In the current work, we assume that the summary statistics have been corrected for population stratification and other types of bias. If the original GWAS study suffered from bias, e.g., confounding, selection/ascertainment bias, sampling bias, bias due to missing data, etc., the resulting Vg estimate will also be affected. We suggest that the above bias should be carefully addressed at the design and/or analysis stage of the GWAS, for example by performing proper random sampling, inverse probability weighting to address selection bias [29], proper imputation of missing data, etc. As with any method, independent replication is also important.
Another limitation is that the proposed approach for calculating SNP heritability and SE/CI estimation may not work well for very small sample sizes. Since GWAS sample sizes are generally getting larger (most with N > 5000), we did not address the performance under very small sample sizes here. In such cases, both the SNP heritability and SE estimates may need to be viewed with greater caution. Meta-analysis of GWAS results across multiple studies may be recommended.
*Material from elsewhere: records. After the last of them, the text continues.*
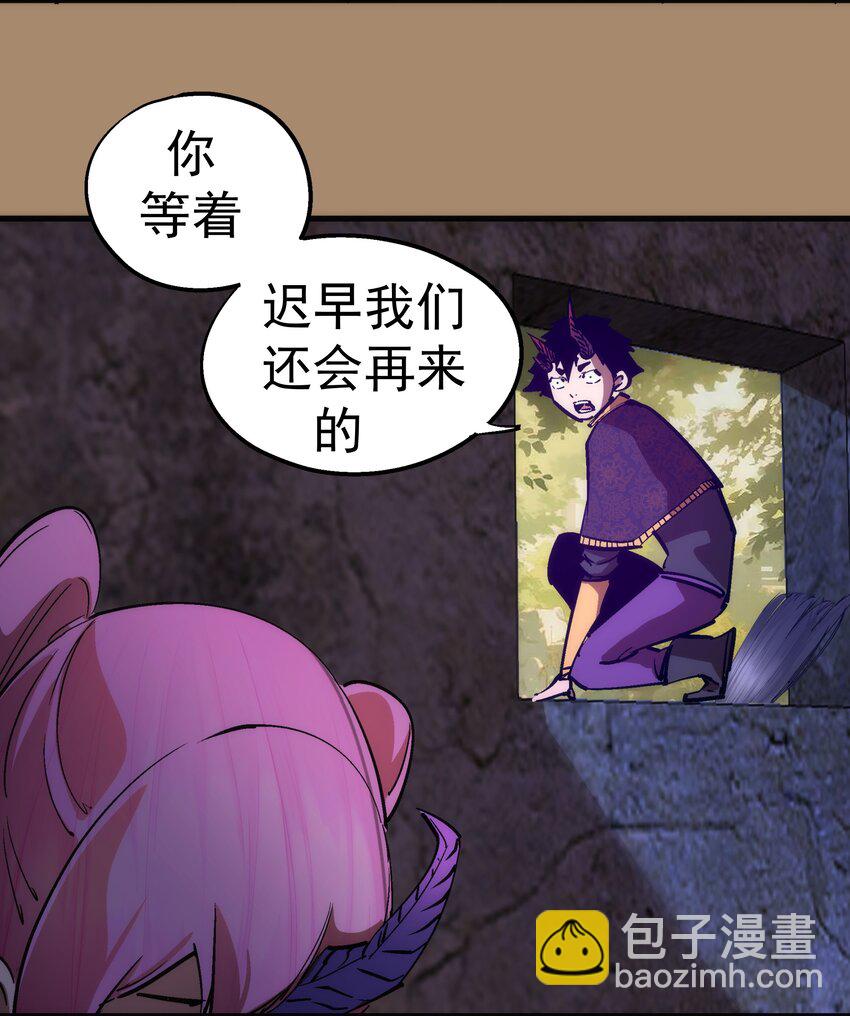 200 初识-第202话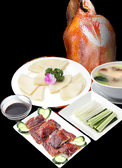 いろは菜館の詳細
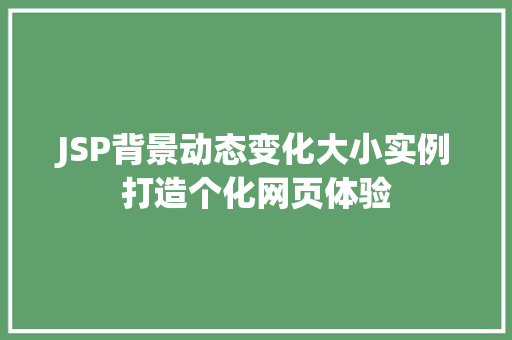 JSP背景动态变化大小实例打造个化网页体验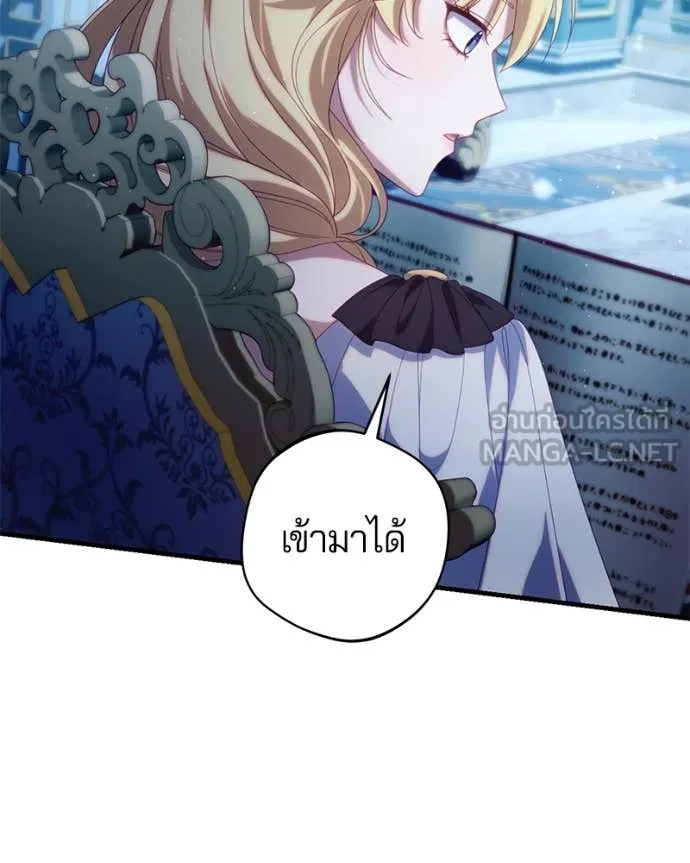 ถ้าเป็นนางร้าย ตอนที่ 35 รูปที่ 6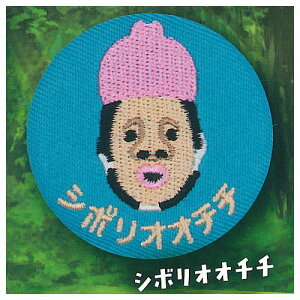 тƂÂ hJʃobW [2.V{II``]ylR|XzΉzyCz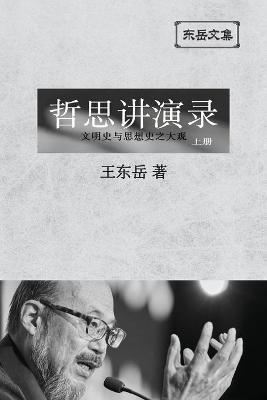 东岳文集之: 《哲思讲演录》上册 (简体平装&# - Wang Dongyue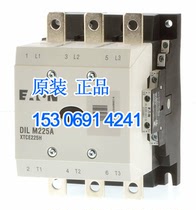 Eaton EATON Mueller contactor DILM225A 22 (RAC240)
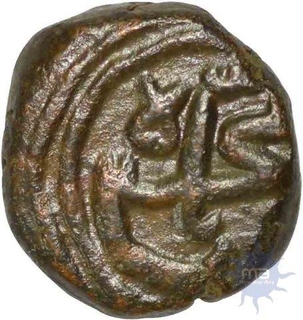 Copper One sixth Gani of Shams al-din Muhammad Shah III of Bahmani Sultanate.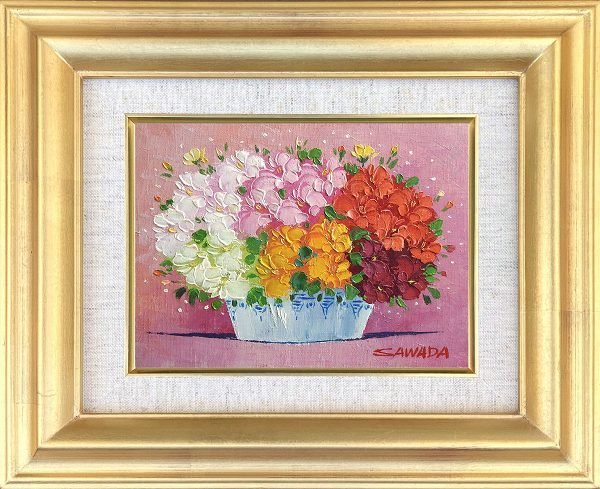 ◎Masashi Sawada Flowers in Bloom (F0 size) Oil painting ★ Still life [New], Painting, Oil painting, Still life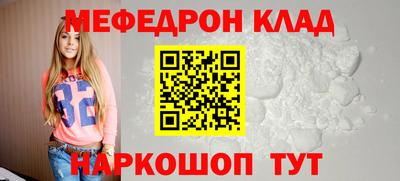 кокаин перу Рыбинск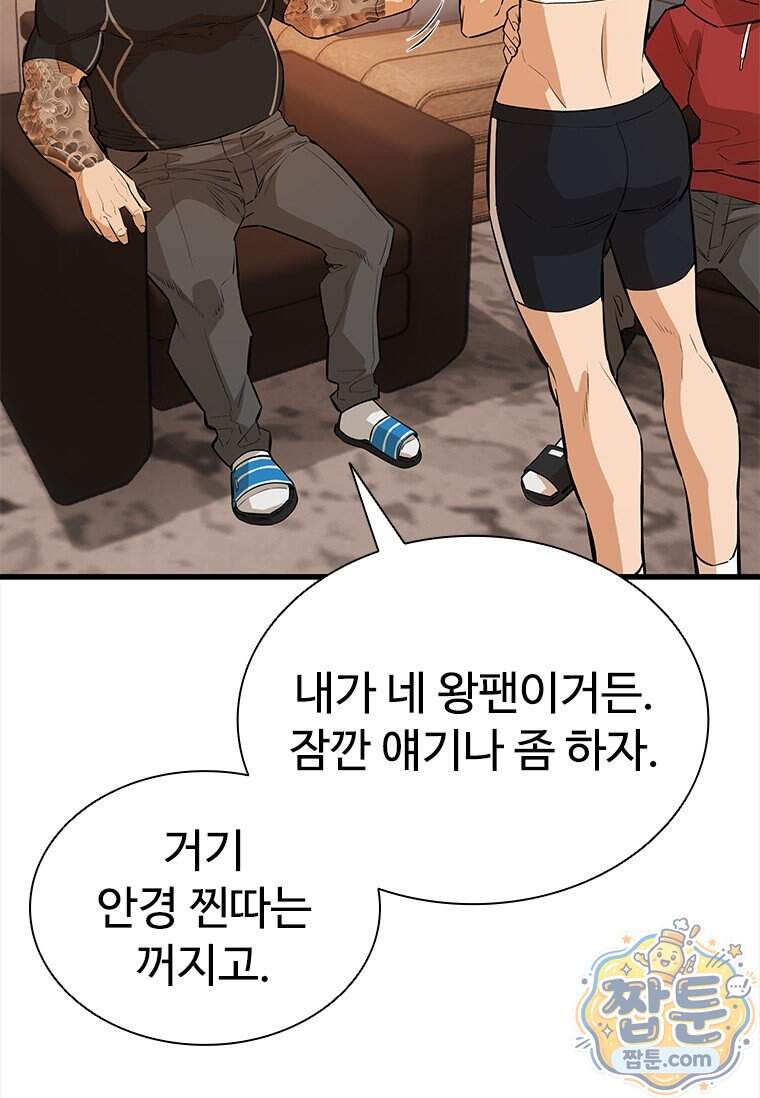 시카리오 13화 143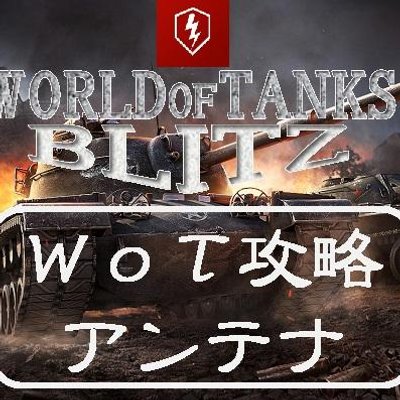 Wotblitz攻略アンテナ Wotblitz2014 Twitter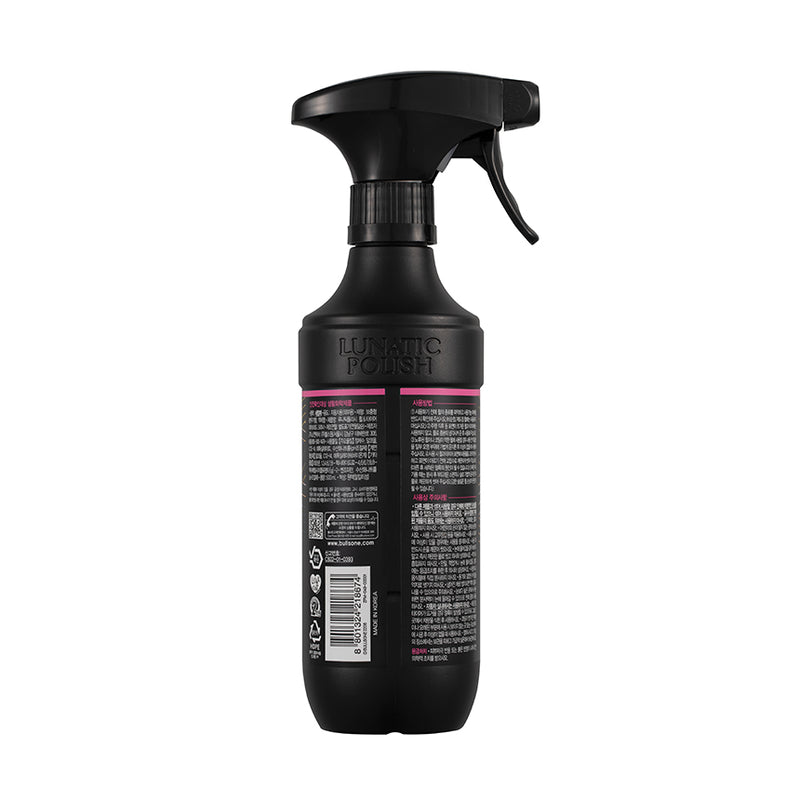 BULLSONE LUNATIC POLISH WHEEL & TIRE HYBRID CLEANER 500ml - CARSCAREMALL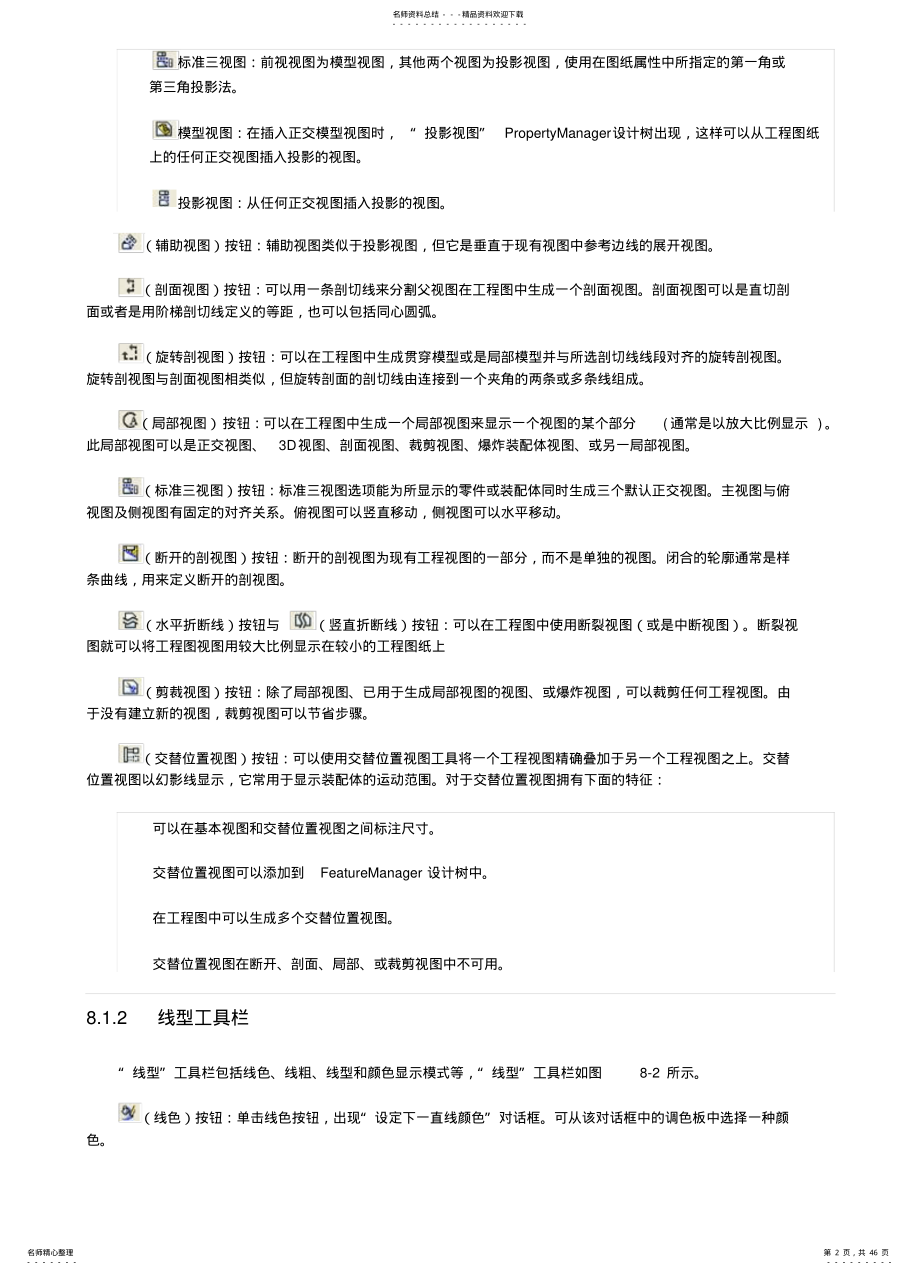 工程图 .pdf_第2页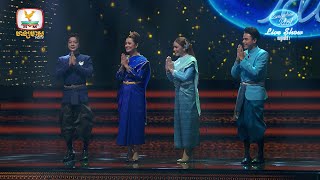 Intro  Cambodian Idol 2024  Live Show  Week 1 [upl. by Ynolem]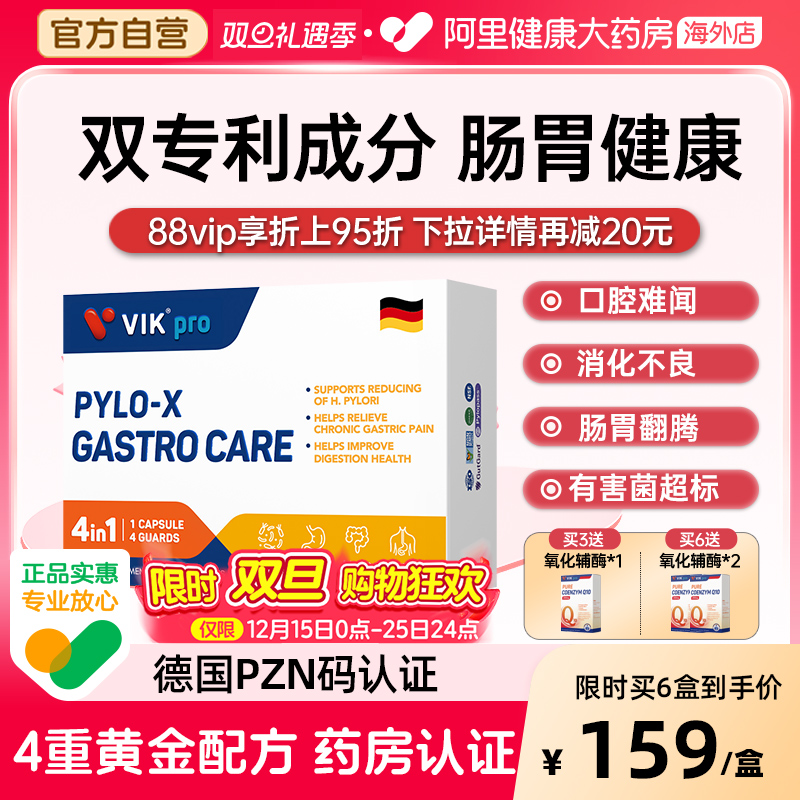 VIKpro进口养胃益生菌调理肠胃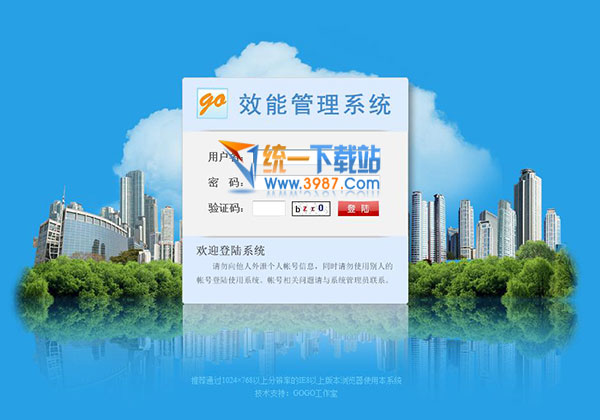 效能管理系统下载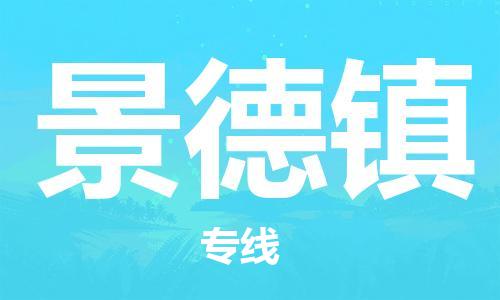 邯鄲到景德鎮(zhèn)物流公司-邯鄲至景德鎮(zhèn)貨運客戶至上定制服務|可靠、經(jīng)濟實惠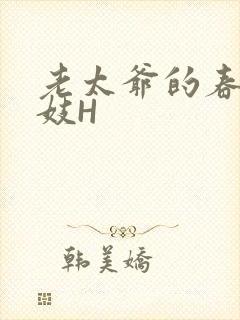 老太爷的春桃乳妓H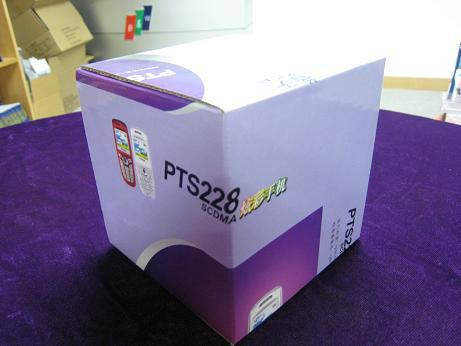 供應(yīng)*禮盒彩盒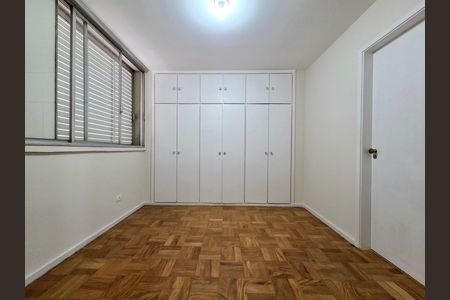 Apartamento para alugar com 111m², 2 quartos e 1 vaga Apartamento para alugar com 111m², 2 quartos e 1 vagaSuíte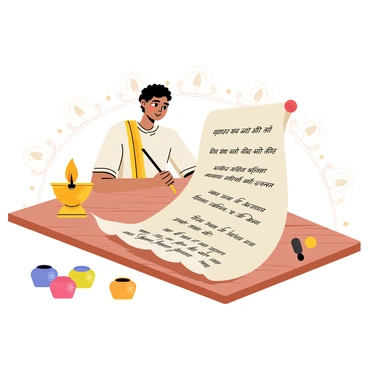 Puja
Future work may also explore more innovative approaches to addressing small sample sizes, for example whether specifying a prior for the underlying effect sizes (δ) may help. (The current approach does not require any specification of the distribution of δ).
We also note that resampling methods often assume that the data points are independent of each other. In our study, prior to the analysis, we processed the data to remove strongly linked SNPs using LD pruning. The resulting SNPs are therefore roughly independent though some residual LD might remain. As a future direction, it may be useful to explore ways to fully tackle LD, for example by block bootstrap or jackknife [30]. However, external LD data from reference panels would be required, and there may be risks of LD mismatch between the studied and external samples. Further studies are required to investigate these issues.
Different resampling methods like bootstrap and jackknife may have different assumptions and applicability to different kinds of data. We have conducted relatively extensive simulations to compare performance of different methods across a range of heritability levels and sample sizes, which helps evaluate their applicability. We believe the proposed methods are generally applicable to most GWAS summary data. Note that the parametric bootstrap approaches assume that the observed data (z-statistics) are drawn from a certain specified parametric distribution. In our case, it is assumed that the δ and/or local fdr are estimated reasonably well. For small sample sizes, this assumption may not hold very well. The jackknife approaches do not require parametric assumptions; however, delete-one-jackknife has been shown to produce inconsistent variance estimators for non-smooth estimators such as the sample quantiles [31]. Delete-d-jackknife can resolve this problem, but the choice of d may not be straightforward. We suggest that multiple types of resampling methods should be performed; similar results across different methods may provide reassurance to the validity of results. Future work may include more extensive simulations for different genetic architectures and wider applications to complex traits.
There may be a concern that resampling methods may not handle extreme values or skewed distributions well. As discussed above, we recommend the GWAS should be conducted carefully in the first place. For example, skewed phenotypes may require transformation before analysis, and confounding or other kinds of bias need to be addressed. The SumVg method works on summary statistics. It is possible to perform further inverse-rank transformation to the summary statistics if the distribution is skewed or outliers are present, although this may create some bias to the Vg estimate. One may also trim the outlying z-statistics, and increasing the number of resamples may also help. The performance of these approaches will be a topic for further studies.
Importantly, we have also applied our approach to estimate the heritability of different cytokines, which play important roles in immune response and the pathogenesis of autoimmune, inflammatory and infectious diseases. Our analyses suggest that the studied cytokines are moderately heritable in general.
To summarize, SumVg is useful for triangulating evidence from different approaches to support conclusions regarding SNP-based heritability. We present novel methods of computing SE and CI and an easy-to-use software here, which we believe will be helpful for other researchers. Our application to the cytokine levels also sheds light on the genetic architecture of these clinically important immune traits.

4. Materials and Methods

4.1. Estimation of the Total Heritability Explained (Vg)

We previously proposed an approach [10] to estimate the sum of heritability explained by all variants on a GWAS panel. Our approach leverages Tweedie’s formula for estimating the true underlying effect sizes of SNPs, based on the observed GWAS summary statistics. The principles are described in detail in the work by Efron [28].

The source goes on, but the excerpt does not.